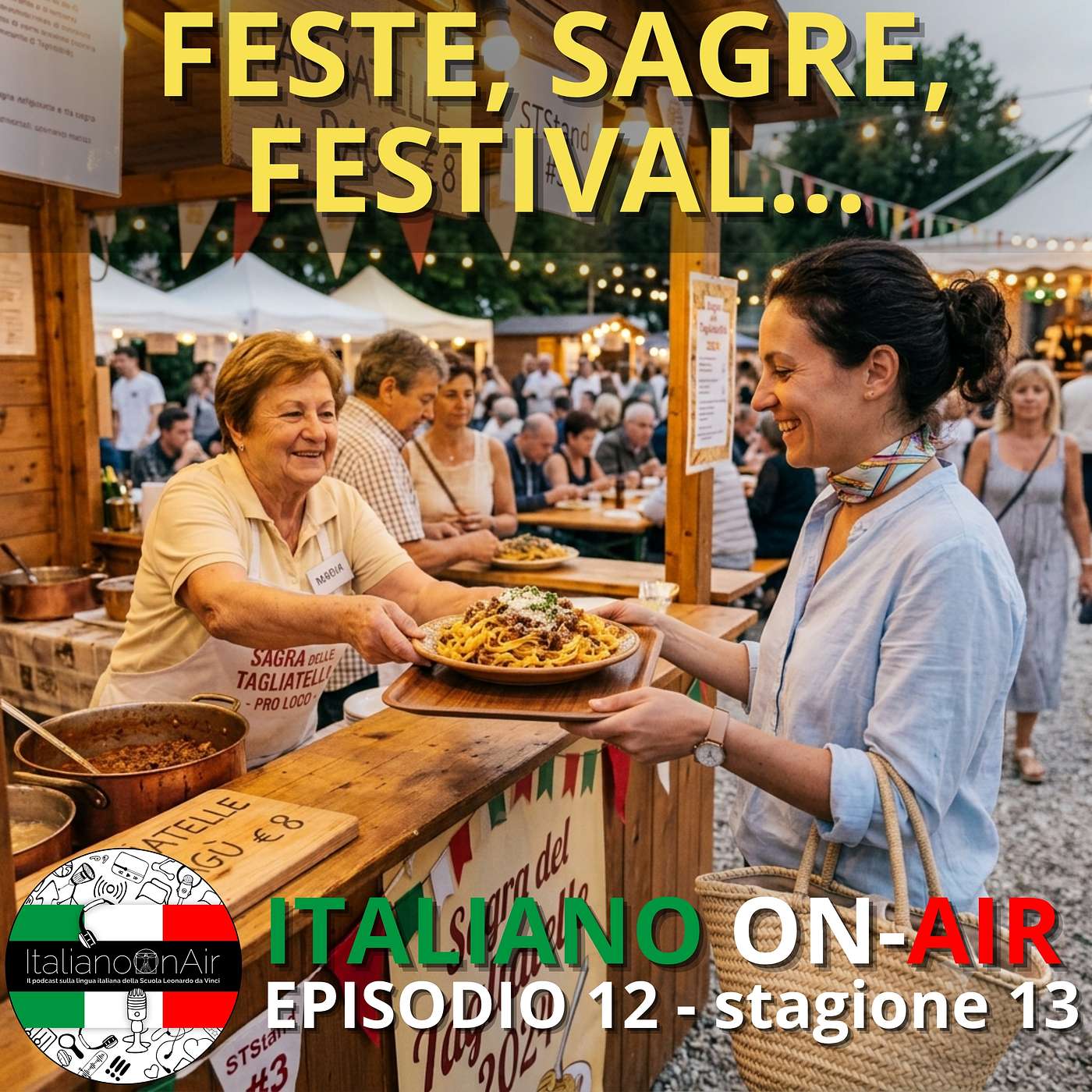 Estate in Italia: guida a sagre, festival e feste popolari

==

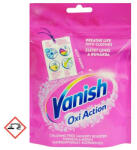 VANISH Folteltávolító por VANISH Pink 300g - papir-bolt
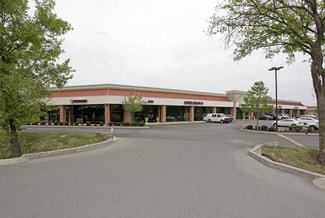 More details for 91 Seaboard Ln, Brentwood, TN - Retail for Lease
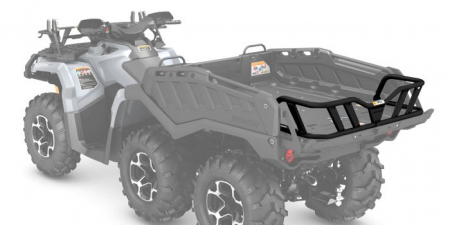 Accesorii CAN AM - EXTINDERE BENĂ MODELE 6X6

**Exercise prompt**
Copy out exactly the material that runs from the line with "More details for" to the line with "Accesorii CAN AM - EXTINDERE BENĂ MODELE 6X6", ends included, and leave the pictures behind.

**Exercise output**
 More details for 91 Seaboard Ln, Brentwood, TN - Retail for Lease
 Accesorii CAN AM - EXTINDERE BENĂ MODELE 6X6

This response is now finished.